そうした中、2018年にはフェラーリの育成ドライバーであるシャルル・ルクレールあるいはアントニオ・ジョビナッツィがザウバーのひとつのシートを獲得することになると見られている。
少し前までは、それによって今季限りでシートを失うのは、メルセデス所属ドライバーであるウェーレインの方だと見られていた。エリクソンに関しては、昨年ザウバーの新オーナーとなったロングボウ・フィナンス社と太いパイプがあり、2018年もシートは安泰だと考えられていたためだ。
だが、最近では今季限りでシートを失うのはウェーレインではなくエリクソンの方になりそうだとのうわさが強くなってきている。
■オーナーとのコネで決めるわけにはいかない
今年7月に前チーム代表モニシャ・カルテンボーンの後任としてザウバーのチーム代表に就任したフレデリック・バスールはドイツの『Auto Motor und Sport(アウト・モートア・ウント・シュポルト)』に次のように語った。

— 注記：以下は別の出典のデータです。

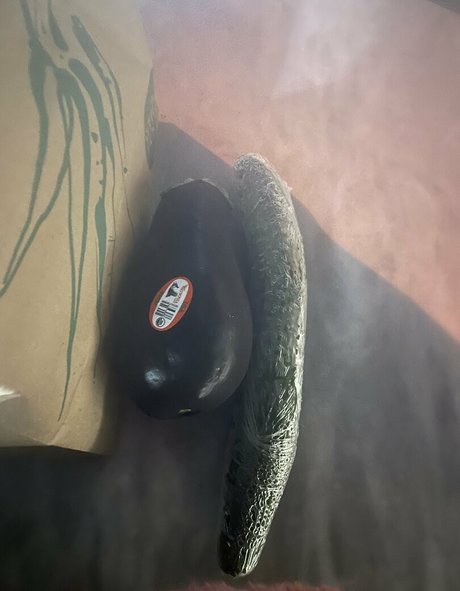 hudsonyardsbrat high quality model archive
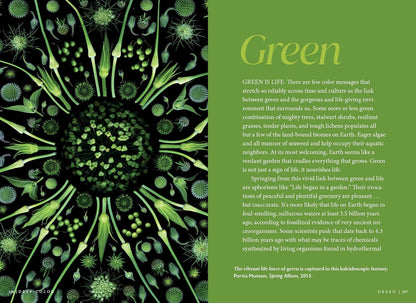 Deep Color: The Shades That Shape Our Souls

「オーナーとのつながりがあるからと言って、ドライバーを中心としてチームを築いていくのは間違いだよ」
「ザウバーを再編していくためには忍耐が求められる。一方で、ドライバーたちは次のレースで結果を出したいと思うのが普通なんだ」
「だから、もし彼が来年表彰台を狙えるクルマを手にしたいと思うのであれば、ザウバーにいては問題を抱えることになってしまうだろう。マーカスとチームにとって何がベストなのかということについて、オーナーたちと話し合うことになる」
■残留の可能性が高まったウェーレイン
そうなると、今季限りでザウバーのシートを喪失する可能性が高いと言われていたウェーレインが2018年も残留する可能性が高くなりそうだ。
「もちろん、彼にはチャンスがある」
そう述べたバスールは、次のように続けた。
「パスカルは我々の置かれている状況が分かっている。そして私も彼の技術を知っている。DTM(ドイツ・ツーリングカー選手権)で一緒にやっていたからね」
「もしチームを再編したいと思うのであれば、単に速いだけでなく、チームとともに頑張り、チームを正しい方向へ導いていきたいと考えるドライバーが必要なんだ」
■近日中にフェラーリとドライバー問題の交渉
そうしたバスールのコメントからは、来季のザウバーはウェーレインとフェラーリ育成ドライバーのいずれか1人がコンビを組むことになる可能性が膨らんできていることがうかがえる。バスールもフェラーリからドライバーを受け入れる可能性を認め、次のように続けた。
「数日中にこの件についてフェラーリと話し合うことになる」
「我々としてはエンジンの選択問題が最優先であり、それとドライバー問題をからめたくはなかったんだ。そうしていたらもっと時間がかかっていただろう」
少し前に別のインタビューにおいて9月末までには来季のドライバー体制を確定させたいと語っていたバスールは、次のように付け加えた。
「これから、落ち着いてそう(ドライバー検討)する機会が持てるよ」
■エリクソンはウィリアムズにアプローチ?
一方、今季限りでザウバーのシートを失う可能性が高くなってきたエリクソンだが、うわさではウィリアムズのシート獲得を視野に入れていると言われている。
だが、ウィリアムズにはロバート・クビサ、ポール・ディ・レスタ、ジョリオン・パーマー(ルノー)などが働きかけをしていると言われている。
2014年にケータハムでF1デビューして以来、これまでに獲得したポイントはザウバーに移籍した2015年に稼いだ9ポイントだけという実績しか持っていないエリクソンは厳しい局面に置かれてしまうことになりそうだ。